A group of astronomers showed that the fastest stars in our galaxy – traveling so fast that they can escape the Milky Way – are actually fleeing a much smaller galaxy that orbits ours.

Researchers at the University of Cambridge used data from the Sloan Digital Sky Survey and computer simulations to show that these star spirals come from the Large Magellanic Cloud (LMC), a dwarf galaxy that orbits the Milky Way.

These fast-moving stars, known for hypervelophiles stars, were able to escape from their place of origin when the explosion of a star in a binary system caused the other to fly with such a speed that it was able to escape the gravity of the CML And be absorbed in the Milky Way.

The results are published in the Monthly Notices of the Royal Astronomical Society and will be presented today (5 July) at the National Astronomy Meeting in Hull.

Astronomers thought that first hyper-stars, which are large blue stars, were dislodged from the center of the Milky Way by a super-massive black hole. Other scenarios involving disintegrating dwarf galaxies or chaotic star clusters may also explain the speed of these stars, but the three mechanisms do not explain why they are only found in a certain part of the sky.

To date, we have observed about 20 hypervelophiles stars, especially in the northern hemisphere, although it is possible that there is much more that can be observed only in the southern hemisphere.
“Earlier explanations for the origin of hypervelocity stars are not satisfied,” said Douglas Boubert, a doctoral student at the Cambridge Institute of Astronomy and lead author of the article. “Hypervelocity stars are mainly found in the constellations of Leo and Sextant – we wonder why this is the case.”
Another explanation for the origin of hyper-fast stars is that they are fleeing from a binary system. In binary star systems, in addition to the two stars are nearby, the faster they are moving towards each other.

If a star explodes like a supernova, the binary star and the remaining flies can be divided at the speed of its orbit. The star escape is known as a fugitive. Fugitive stars in the Milky Way are not fast enough to hyper-speed because the blue stars can not rotate close enough and without the merging of the two stars. But a fast moving galaxy could give rise to these fast stars.

The CML is the largest and fastest dozen of the dwarf galaxies orbiting the Milky Way. It has only 10% of the mass of the Milky Way, and the fastest fugitives born in this dwarf galaxy can easily escape its gravity.

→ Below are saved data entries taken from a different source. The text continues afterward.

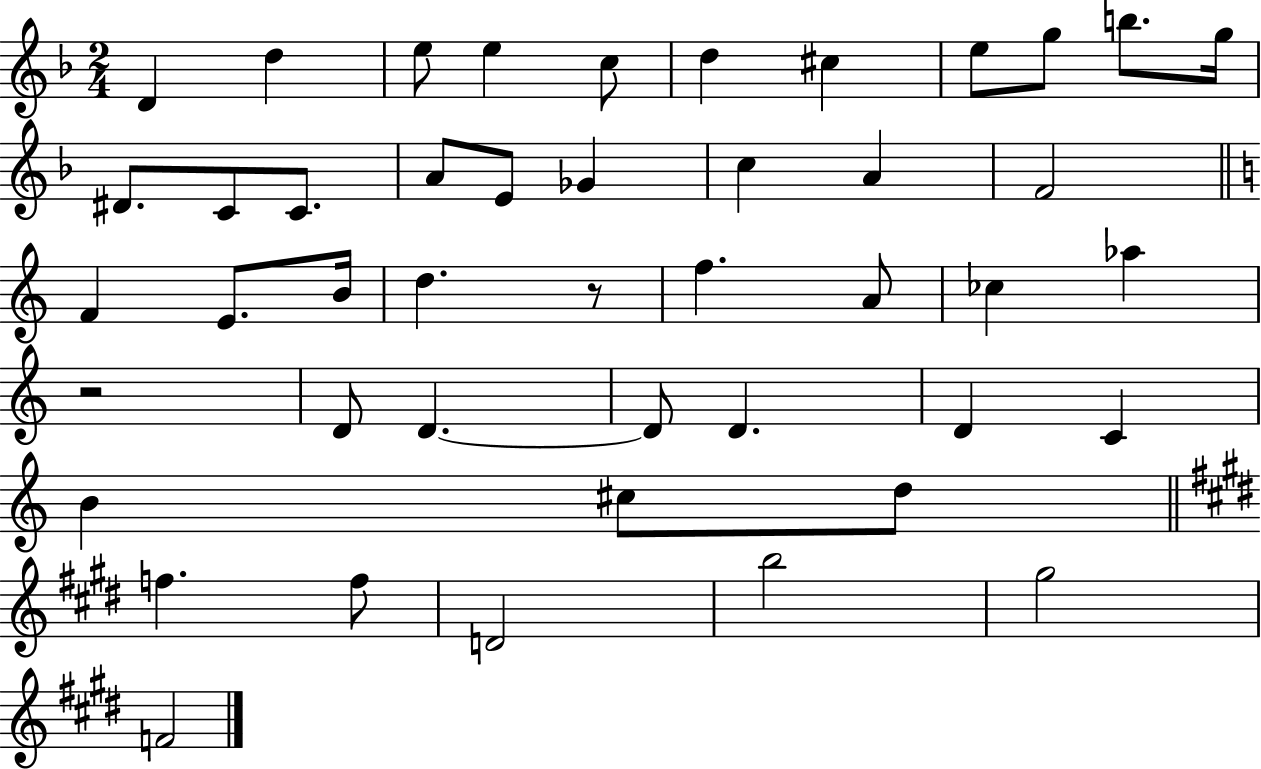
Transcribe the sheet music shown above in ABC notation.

X:1
T:Untitled
M:2/4
L:1/4
K:F
D d e/2 e c/2 d ^c e/2 g/2 b/2 g/4 ^D/2 C/2 C/2 A/2 E/2 _G c A F2 F E/2 B/4 d z/2 f A/2 _c _a z2 D/2 D D/2 D D C B ^c/2 d/2 f f/2 D2 b2 ^g2 F2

The LMC flies around the Milky Way at 400 kilometers per second, like a bullet fired from a moving train, the speed of these fugitive stars is the speed at which they were ejected more LMC speed. This is fast enough to be the stars of hypervelocity.

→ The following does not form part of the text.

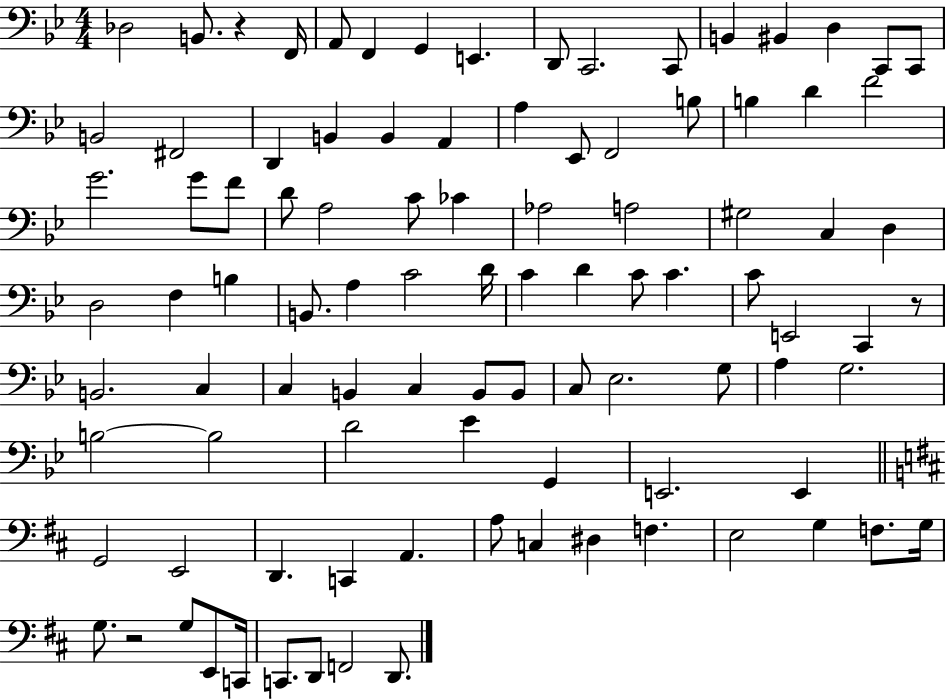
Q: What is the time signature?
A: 4/4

“These stars have only gone up an express train – no wonder they are fast,” said co-author Rob Izzard, a fellow Rutherford at the Astronomy Institute.

“This also explains their position in the sky, because the faster fugitives are expelled along the orbit of the CML to the constellations of Leo and Sextant.”

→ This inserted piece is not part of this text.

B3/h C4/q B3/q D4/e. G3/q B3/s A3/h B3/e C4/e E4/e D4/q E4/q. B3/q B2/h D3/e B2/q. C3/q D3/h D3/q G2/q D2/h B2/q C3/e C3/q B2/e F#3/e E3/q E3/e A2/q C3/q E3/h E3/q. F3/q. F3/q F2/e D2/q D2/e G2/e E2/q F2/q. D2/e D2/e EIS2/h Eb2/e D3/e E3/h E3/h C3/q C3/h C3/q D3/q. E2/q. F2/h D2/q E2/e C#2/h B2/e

The researchers used a combination of Sloan Digital Sky Survey data and computer simulations to model how hypervelophiles stars could escape LMC and ending up in the Milky Way.

The researchers simulated the birth and death of stars in CML in the last two billion years, and noted every star in the race.

The orbit of the stars to escape after falling CML was followed by a second simulation that included the severity of the condition and the Milky Way. These simulations allow researchers to predict where in the sky, it is expected to find fugitive stars from CML.